United has a very specific approach to pressing too. The opposition’s goalkeeper and centre backs are generally left unchallenged, while full backs are shown the touchline rather than seriously contested. Only when the ball comes into the middle of the park do the Reds ferociously press.
In fact, something approaching a man-marking system is adopted when the ball is deep inside the opposition area. While there are many interpretations of this ploy the most likely is that Van Gaal wants the opposition to come forward and leave space behind for quick players like Angel di Maria to exploit with direct balls over the top. This is reflected in number of long balls United has attempted this season.
It is an observation that also makes sense. Pressing the opposition’s centre backs may force long balls, but United’s forwards must still work their way through an opposition defense, structure more or less intact, even if the Reds gain possession. With the current approach United might just enjoy some space behind the opposition defence.
Further, since Robin van Persie and Wayne Rooney often drift into deeper positions, United is presented with opportunities to intercept the ball in situations where a gap between opposition defenders and midfield exists. Considering that United is the most prolific side in the Premier League when it comes to scoring from outside the box, the philosophy is seemingly working.

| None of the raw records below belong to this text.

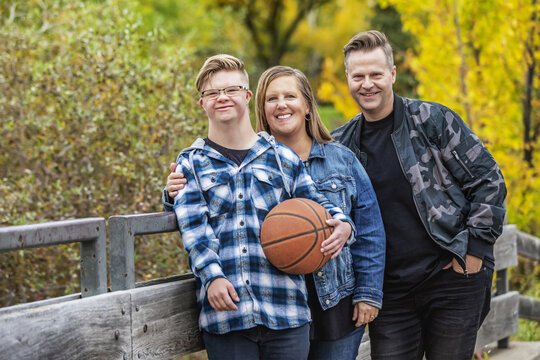 A young man with Down Syndrome with his father and mother while enjoying each other's company in a city park on a warm fall evening; Edmonton, Alberta, Canada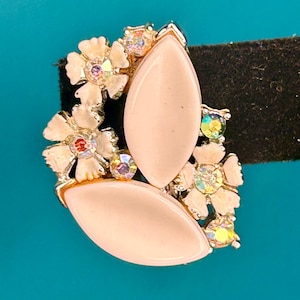 May include: A pair of pink and white flower-shaped earrings with clear rhinestones. The earrings are made of metal and have a delicate design.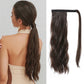 Woman with long wavy hair in a ponytail extension next to a hair extension on a white background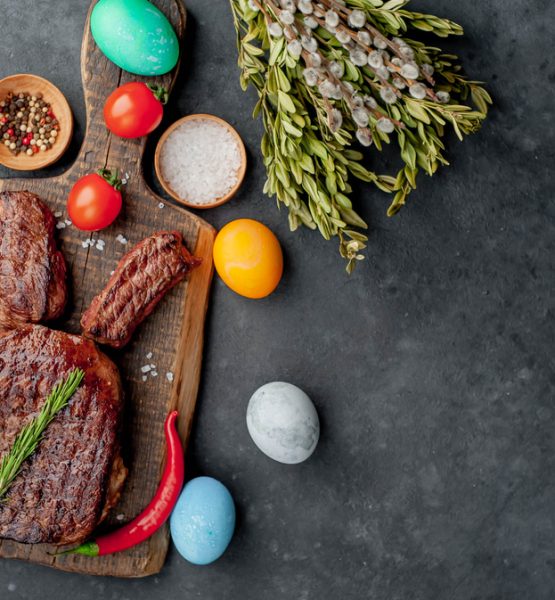 Slab of meat with Easter eggs surrounded around it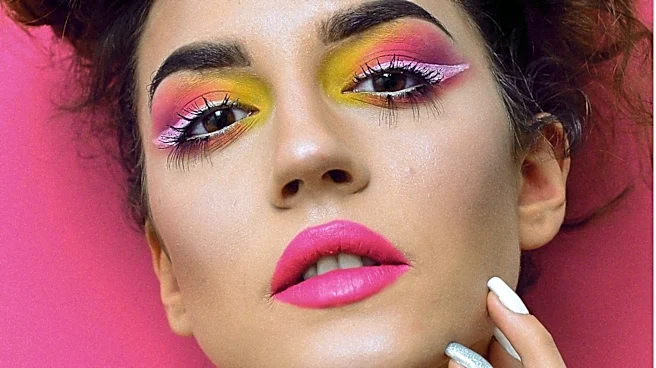 Olivia Dean Embraces 80s Beauty Trends, Contrasting Modern Minimalism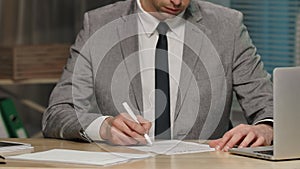 Businessman checking and signing by pen contract. Boss in business suit sits at table in office. Signing on papers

The philosophy, however, has come at a cost. Under Moyes, United did little pressing. Under the new manager United is not only pressing, but pressing in a highly specific manner in which burst of sprints are required once the ball arrives in targeted areas of the pitch.
Pressing is a highly orchestrated affair and requires a lot of practice on the training ground. Simplistically, United’s players are in a situation where they are using muscle groups that they hadn’t used for a season. Just like joggers who didn’t stretch enough, United players have fallen foul of too many injuries.
Hamstring injuries are caused by inadequate stretching and sudden stopping and starting, while groin injuries are caused in particular by sudden changes in direction. Both have been common at Old Trafford since Van Gaal took helm.
The groin injuries suffered by Michael Carrick, Rafael da Silva, Chris Smalling and Angel di Maria, have been too common and they are caused, in particular, by sudden changes in direction.
Comparing this season’s injury count to those under Moyes reveals that United has had more hamstring injuries to date than in the whole of last season. With only 14 games played, the Reds have suffered more than a half of all groin injuries suffered last season.
di Maria has suffered both hamstring and groin injuries. It is, perhaps, no coincidence that he is United’s preeminent counter-attacking forward and a player required to do plenty of dribbling.
The evidence is anecdotal and no attempt at more rigorous methods of establishing correlation has been made. Still, the logic is convincing and, if true, United’s injury blight should alleviate as players – more importantly their muscles – get used to Van Gaal’s philosophy.
The lack of European football will also offer the United squad time to stretch into the new philosophy – just in time for next season’s Champions League. This might be especially true if the recent rumour of United’s “Gaalactico-ization” next summer is accurate.